▶ [What is needed]
Repeat the listing word for word. Leave every picture out.

▶ [Collected data]
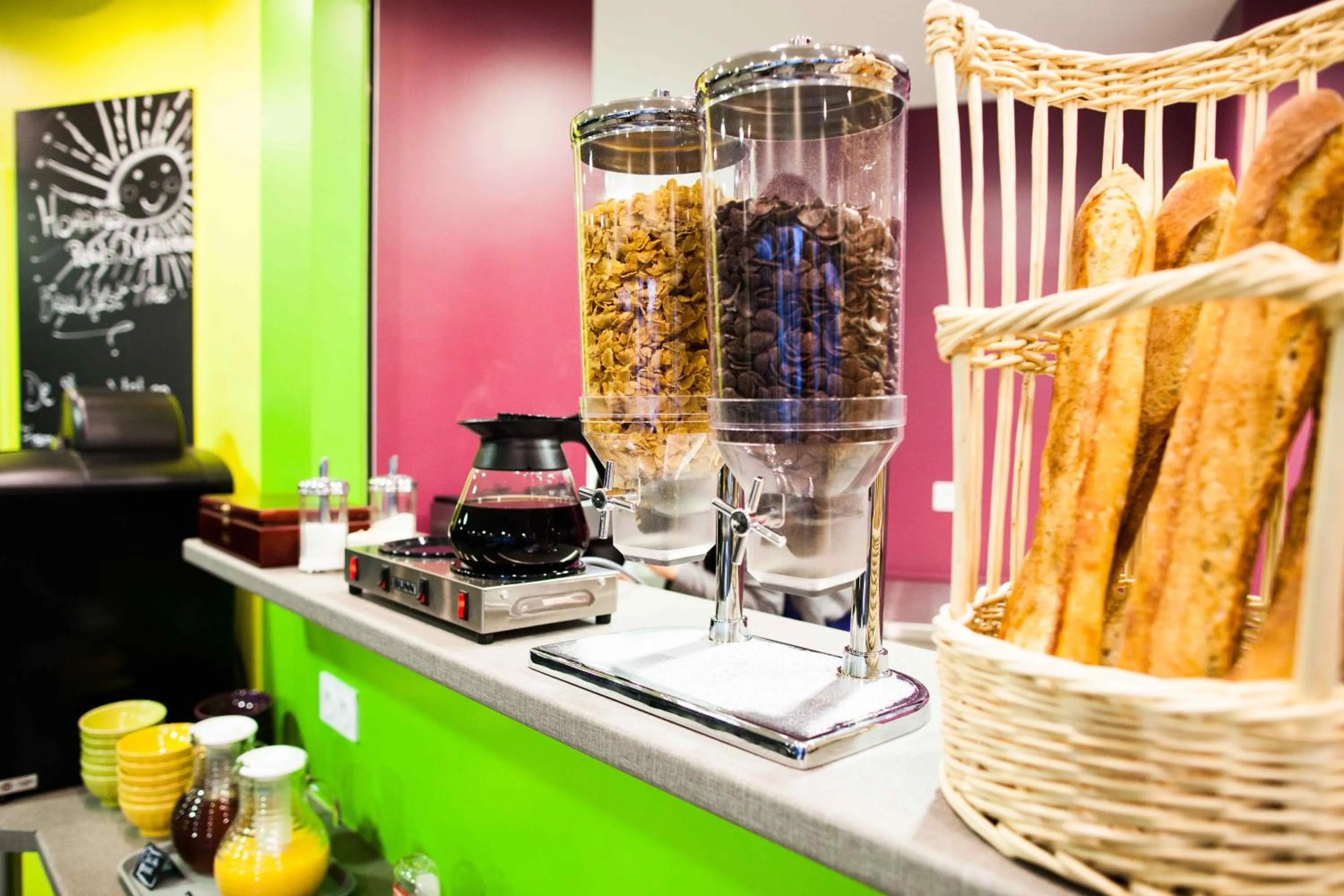 Food and drinks in Hôtel de Ré, "The Originals Résidence"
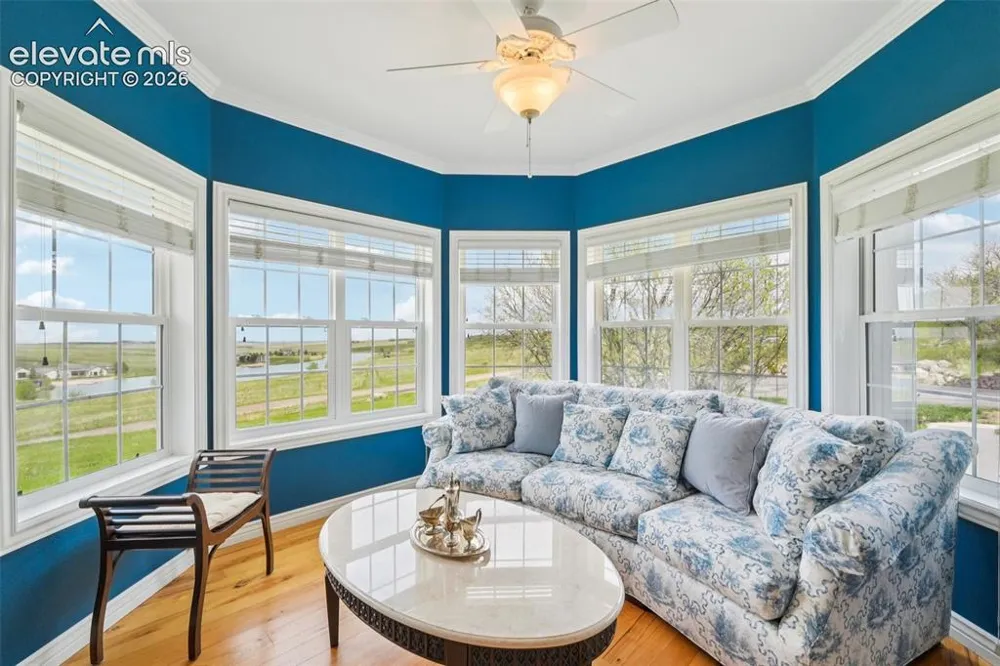 7014 Nautique Circle Larkspur, CO 80118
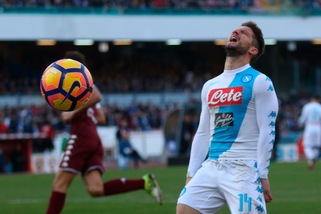 Capocannoniere: Mertens, che balzo!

▶ [Answer to the exercise]
 Food and drinks in Hôtel de Ré, "The Originals Résidence"
 7014 Nautique Circle Larkspur, CO 80118
 Capocannoniere: Mertens, che balzo!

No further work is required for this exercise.